# [EXERCISE GOAL]
Your answer must be the full listing below, repeated exactly, with no pictures in it.

# [RECORDED DATA]
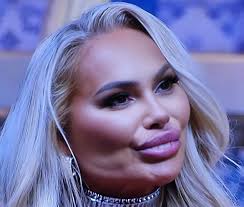 🚨🔥Darcey Silva's Stunning Transformation: Fans Say She No Longer  Resembles Twin Sister Stacey Silva‼️👀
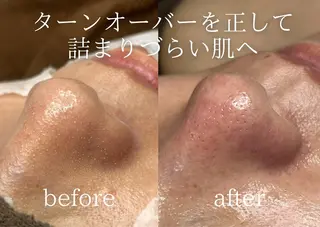 Peerless所属・chi kaのエステ・リラクイメージ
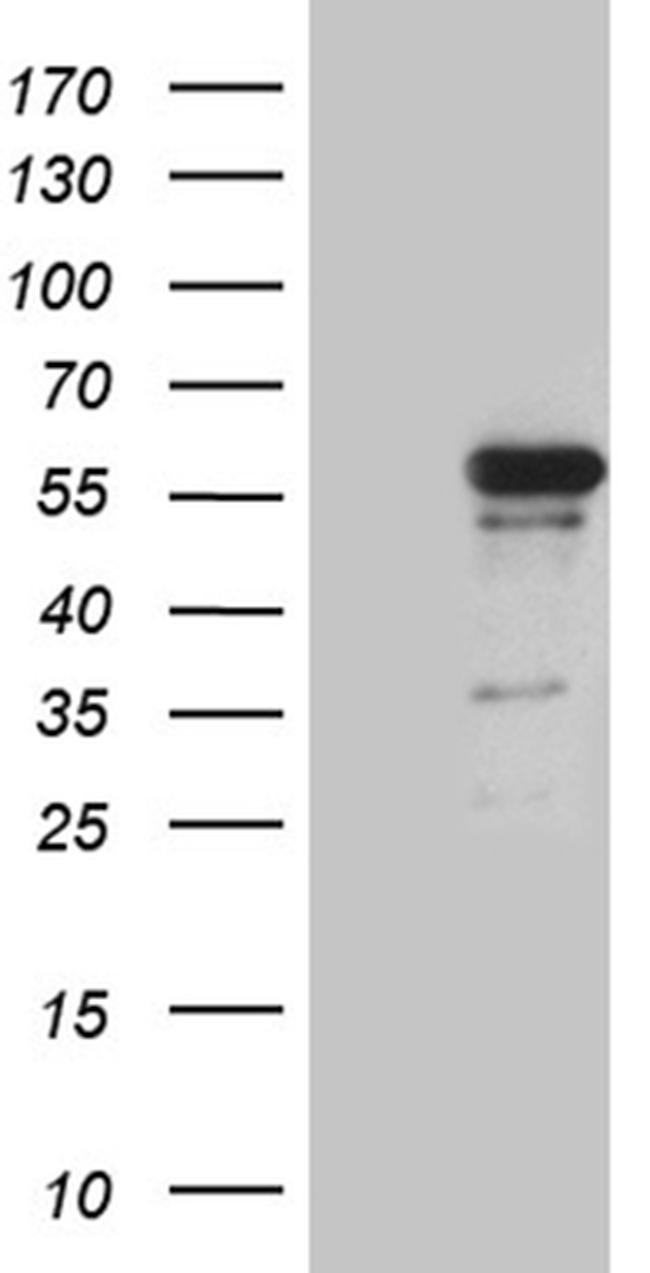 RUNX3 Antibody in Western Blot (WB)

# [RESULT OF THIS EXERCISE]
 🚨🔥Darcey Silva's Stunning Transformation: Fans Say She No Longer  Resembles Twin Sister Stacey Silva‼️👀
 Peerless所属・chi kaのエステ・リラクイメージ
 RUNX3 Antibody in Western Blot (WB)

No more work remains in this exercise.